As an electronics guy I think it is quite important that this is not implemented with microcontrollers; the decay of digitally stored data is the core concept the device is based on, so building it with something with a program memory would dimnish the effect.

So the core setup would be an oscillator driving the (first) counter's clock input, with the counter value output feeding the address lines of the EPROM as well as the rows of the matrix. Deciding about which counter bits to feed to the address lines and row lines respectively, and how these should overlap, determines the display effect.

Basically, if high (=slowly changing) bits are chosen for the adress lines, while lower, faster, bits are driving the rows, the display will be drawing the same pattern will be drawn on multiple rows, while if the opposite is done, multiple data cells are drawn on the same row, within a short interval. The first alternative creates a slowly, but momentarily changing pattern that fails to fully take advantage of the 2D aspect of the matrix. The latter alternative creates a pattern with multiple brightness levels and/or flicker depending on what the data values are that are written to the same row.
The correct solution does probably include mixing and interleaving both alternatives a bit, but the exact mix is best determined experimentally.

advanced implementation

It would be nice to make the device able to run indefinitely (given power) without having to switch out and reprogram the EPROM every time it has been fully cleared, even if one could consider this contrary to the point that the device is trying to make.

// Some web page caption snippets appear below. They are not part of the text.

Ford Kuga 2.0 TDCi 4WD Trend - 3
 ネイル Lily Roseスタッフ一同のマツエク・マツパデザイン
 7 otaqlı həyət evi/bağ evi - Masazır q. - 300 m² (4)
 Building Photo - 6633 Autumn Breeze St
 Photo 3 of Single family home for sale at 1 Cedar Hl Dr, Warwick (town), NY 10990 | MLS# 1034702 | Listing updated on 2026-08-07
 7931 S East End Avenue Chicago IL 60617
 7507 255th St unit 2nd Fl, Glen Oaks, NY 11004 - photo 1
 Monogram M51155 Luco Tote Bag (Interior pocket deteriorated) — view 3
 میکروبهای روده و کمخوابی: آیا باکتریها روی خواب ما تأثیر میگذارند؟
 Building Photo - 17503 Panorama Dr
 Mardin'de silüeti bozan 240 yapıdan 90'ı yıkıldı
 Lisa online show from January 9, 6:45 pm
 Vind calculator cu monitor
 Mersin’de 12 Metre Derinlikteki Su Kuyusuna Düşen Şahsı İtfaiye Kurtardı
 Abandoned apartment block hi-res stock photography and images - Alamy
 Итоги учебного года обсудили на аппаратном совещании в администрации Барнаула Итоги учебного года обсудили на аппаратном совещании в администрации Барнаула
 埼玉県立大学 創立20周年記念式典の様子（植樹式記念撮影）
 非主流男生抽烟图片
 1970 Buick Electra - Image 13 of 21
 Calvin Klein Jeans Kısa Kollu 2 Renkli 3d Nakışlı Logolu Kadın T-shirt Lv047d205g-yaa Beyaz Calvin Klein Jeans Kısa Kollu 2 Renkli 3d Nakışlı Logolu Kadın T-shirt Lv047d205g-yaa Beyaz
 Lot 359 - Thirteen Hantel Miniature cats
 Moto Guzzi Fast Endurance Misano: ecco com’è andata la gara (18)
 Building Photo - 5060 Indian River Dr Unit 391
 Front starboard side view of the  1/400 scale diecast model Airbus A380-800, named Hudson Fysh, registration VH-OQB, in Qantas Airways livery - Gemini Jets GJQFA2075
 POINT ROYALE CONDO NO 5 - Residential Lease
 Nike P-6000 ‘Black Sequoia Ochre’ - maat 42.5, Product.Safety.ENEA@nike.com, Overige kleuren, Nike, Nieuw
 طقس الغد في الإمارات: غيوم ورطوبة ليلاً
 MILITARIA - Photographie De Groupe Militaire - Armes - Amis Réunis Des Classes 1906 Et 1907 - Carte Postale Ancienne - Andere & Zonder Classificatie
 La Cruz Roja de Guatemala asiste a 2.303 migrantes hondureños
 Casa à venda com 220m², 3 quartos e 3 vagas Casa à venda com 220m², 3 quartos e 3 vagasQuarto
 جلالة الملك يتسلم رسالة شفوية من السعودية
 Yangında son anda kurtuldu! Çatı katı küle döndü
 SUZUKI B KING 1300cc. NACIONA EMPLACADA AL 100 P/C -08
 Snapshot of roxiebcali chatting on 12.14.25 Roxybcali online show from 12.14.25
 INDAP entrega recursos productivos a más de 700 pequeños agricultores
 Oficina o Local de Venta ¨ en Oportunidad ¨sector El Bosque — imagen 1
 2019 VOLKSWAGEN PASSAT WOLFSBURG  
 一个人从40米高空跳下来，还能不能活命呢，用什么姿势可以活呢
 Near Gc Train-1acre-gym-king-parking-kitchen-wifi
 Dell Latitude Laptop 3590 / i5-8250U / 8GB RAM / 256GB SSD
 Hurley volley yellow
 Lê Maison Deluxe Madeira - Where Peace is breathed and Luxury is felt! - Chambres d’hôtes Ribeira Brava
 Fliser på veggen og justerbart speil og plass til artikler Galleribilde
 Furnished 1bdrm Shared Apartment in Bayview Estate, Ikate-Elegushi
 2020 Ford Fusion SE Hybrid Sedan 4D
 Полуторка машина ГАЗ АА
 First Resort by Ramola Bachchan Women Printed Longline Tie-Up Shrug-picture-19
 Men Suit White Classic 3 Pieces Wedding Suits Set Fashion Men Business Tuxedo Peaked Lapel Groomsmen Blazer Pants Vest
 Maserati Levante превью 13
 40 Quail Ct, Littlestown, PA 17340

To reach that goal it would be necessary to 1) detect if any data is still left at any address, and 2) invoke a programming cycle once the condition has been detected.
#1 should be easy enough to implement, by combining the EPROM data lines with logic and feeding the result into an SR latch which is checked and reset at most once every loop. If the addressing counter value output is wider than the EPROM address, one could easily tie the check and reset events to specific values that are one bit wider than the address. This has the benefit of not having to implement the edge case(s) of doing the check + reset cycle and at the same time care what the data looks like, since the data at those addresses will have been checked already at an earlier point in time.
#2 puts some requirements on the components that talk to the EPROM directly as programming voltages are likely different from the read only voltages.
But apart from that, the programming circuit would be somewhat similar to the rest of the logic described so far, just that it runs once only, instead of looping, as well as possibly running at a different speed.